Fonte: Agência BR NEWS Da redação com agências
Em meio ao debate sobre reforma migratória, uma questão sempre causa muita polêmica. Os imigrantes ocupam no mercado de trabalho vagas que poderiam ser preenchidas por cidadãos americanos?
Destacando algumas estatísticas publicadas por veículos de comunicação, ativistas pró-imigrantes e empresários que dependem da mão de obra estrangeira afirmam que não. Na opinião deles, os americanos evitam trabalhar em determinados setores considerados estressantes, que exigem treinamento e longas horas de trabalho ou que os obriguem a trabalhar em ambientes desagradáveis. E quem pensa que essas atividades resumem-se à construção civil, landscaping, colheita de frutas e vegetais, limpeza e trabalhos em restaurantes está enganado. De acordo com pesquisas, há muitos imigrantes em setores da indústria e na área de saúde e tecnologia.
A agência Reuters reportou no ano passado que 70% dos trabalhadores do setor agrícola são imigrantes indocumentados, ou seja, cerca de 500 mil pessoas. A Associação Americana das Escolas de Enfermagem também afirma que o setor é totalmente dependente da mão de obra estrangeira. Inclusive, por causa das barreiras que o governo Bush está impondo para a liberação de vistos e contratação de enfermeiros de outras nacionalidades, o setor está sofrendo uma séria deficiência no número de funcionários. Uma pesquisa realizada pela Associação dos Hospitais Americanos mostra que existem 118 mil vagas abertas para enfermeiros nos Estados Unidos hoje. Um outro estudo, do Council on Graduate Medical Education, prevê que pode haver um déficit de 65 mil a 150 mil médicos em 2020 nos Estados Unidos, se o governo não incentivar a contratação de novos profissionais.

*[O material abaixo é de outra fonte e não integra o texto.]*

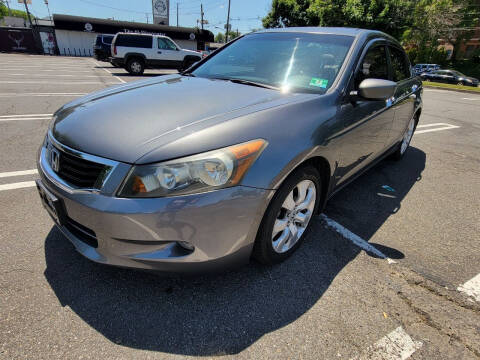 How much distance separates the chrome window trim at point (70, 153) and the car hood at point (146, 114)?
0.10 ft

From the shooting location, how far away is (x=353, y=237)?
257 cm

No setor de tecnologia também é possível notar carência de profissionais qualificados. A Associação Americana de Tecnologia divulgou que 77% das companhias entrevistadas em uma pesquisa apontaram a deficiência de profissionais qualificados como um problema que pode resolvido com a contratação de mais estrangeiros.

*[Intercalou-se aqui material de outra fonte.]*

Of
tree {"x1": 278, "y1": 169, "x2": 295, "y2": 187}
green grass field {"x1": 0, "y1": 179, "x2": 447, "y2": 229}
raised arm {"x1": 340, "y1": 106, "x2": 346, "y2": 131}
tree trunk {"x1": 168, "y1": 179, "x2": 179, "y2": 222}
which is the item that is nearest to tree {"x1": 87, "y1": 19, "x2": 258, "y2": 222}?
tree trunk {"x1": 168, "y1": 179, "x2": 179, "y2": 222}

Até o setor militar, símbolo do patriotismo americano, está cada vez mais dependente da mão de obra dos imigrantes. No Iraque, 2% dos soldados em campo são imigrantes que tornaram-se cidadãos americanos. O jornal The Boston Globe, há algumas semanas, divulgou que o Pentágono considera expandir o número de cidadãos de outras nacionalidades nas Forças Armadas e abrir postos de recrutamento fora dos Estados Unidos. O motivo? Pouco interesse dos americanos natos em prestar serviços militares ao seu País.
Apesar das estatísticas, há quem acredite que não existam atividades não exercidas por americanos, mas sim um excesso de mão de obra barata, que leva empregadores a prefirem contratar imigrantes que aceitam trabalhar por salários inferiores aos que seriam pagos a cidadãos americanos.
Um jornal local do Arizona publicou que um profissional de landscaping no Estado ganhava U$15 a hora, há dez anos. Hoje, a média salarial não passa de U$ 8 a hora. Os ativistas contrários ao aumento da imigração argumentam que os americanos não exercem a atividade porque o salário oferecido não é suficiente para sustentar suas famílias num país onde o custo de vida é altíssimo. No caso dos imigrantes, boa parte do pagamento é enviado aos seus países de origem, onde, frequentemente, o dólar vale mais que a moeda local.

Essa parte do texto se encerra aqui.